* _INSTRUCTIONS FOR THE TASK_: The records below need to be repeated exactly, though not their pictures.
——————————
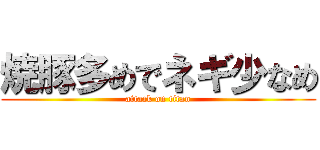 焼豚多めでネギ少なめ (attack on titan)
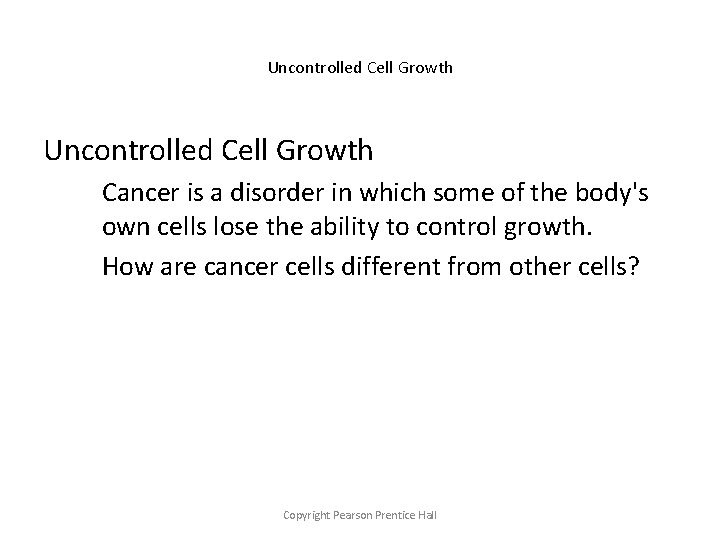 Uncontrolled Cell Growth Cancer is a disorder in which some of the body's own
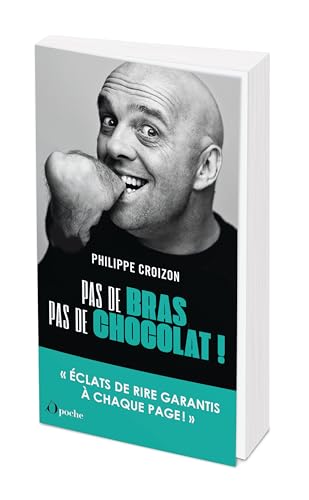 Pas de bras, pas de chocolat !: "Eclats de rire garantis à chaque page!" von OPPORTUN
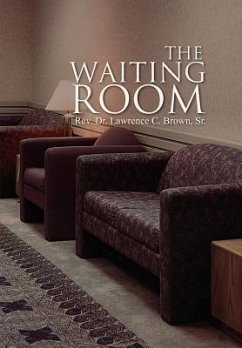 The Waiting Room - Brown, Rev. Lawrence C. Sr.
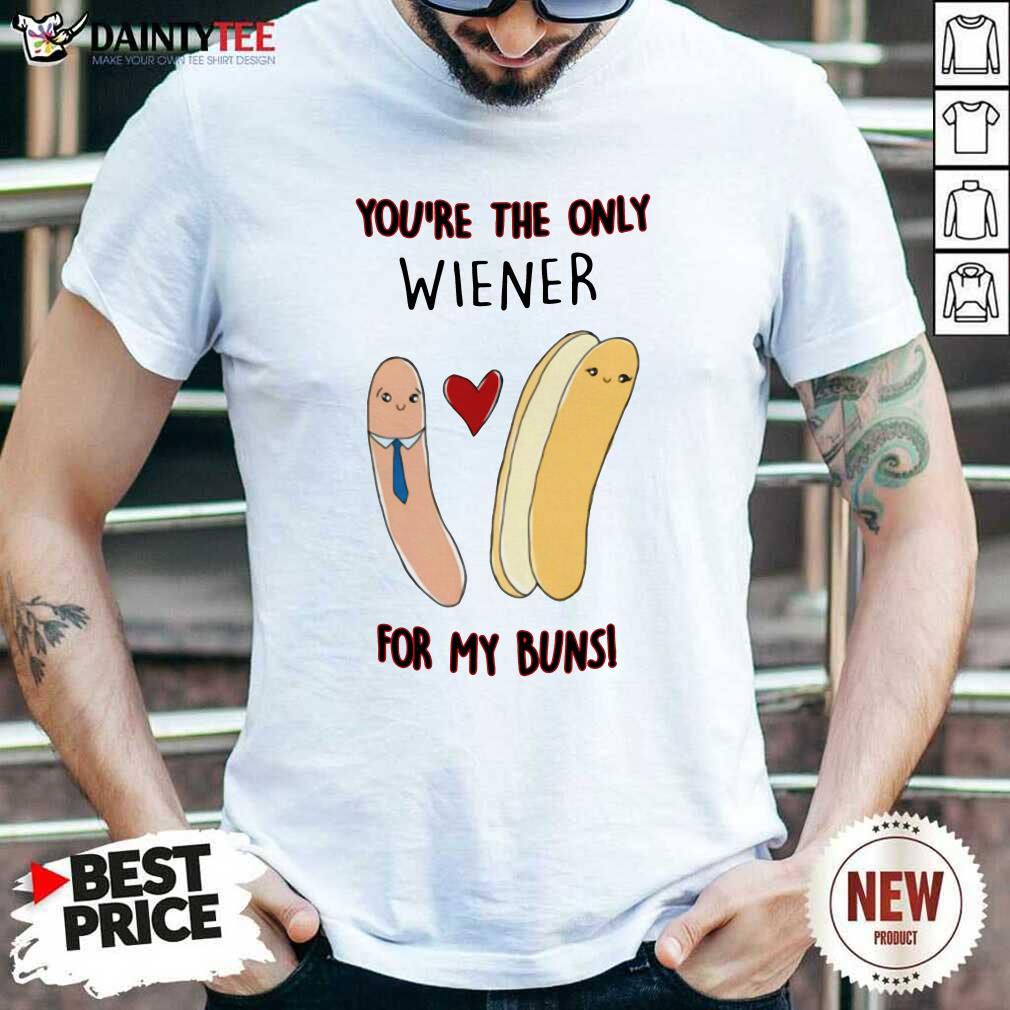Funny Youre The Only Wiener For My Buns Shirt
——————————
* _RESPONSE_:
 焼豚多めでネギ少なめ (attack on titan)
 Uncontrolled Cell Growth Cancer is a disorder in which some of the body's own
 Pas de bras, pas de chocolat !: "Eclats de rire garantis à chaque page!" von OPPORTUN
 The Waiting Room - Brown, Rev. Lawrence C. Sr.
Funny Youre The Only Wiener For My Buns Shirt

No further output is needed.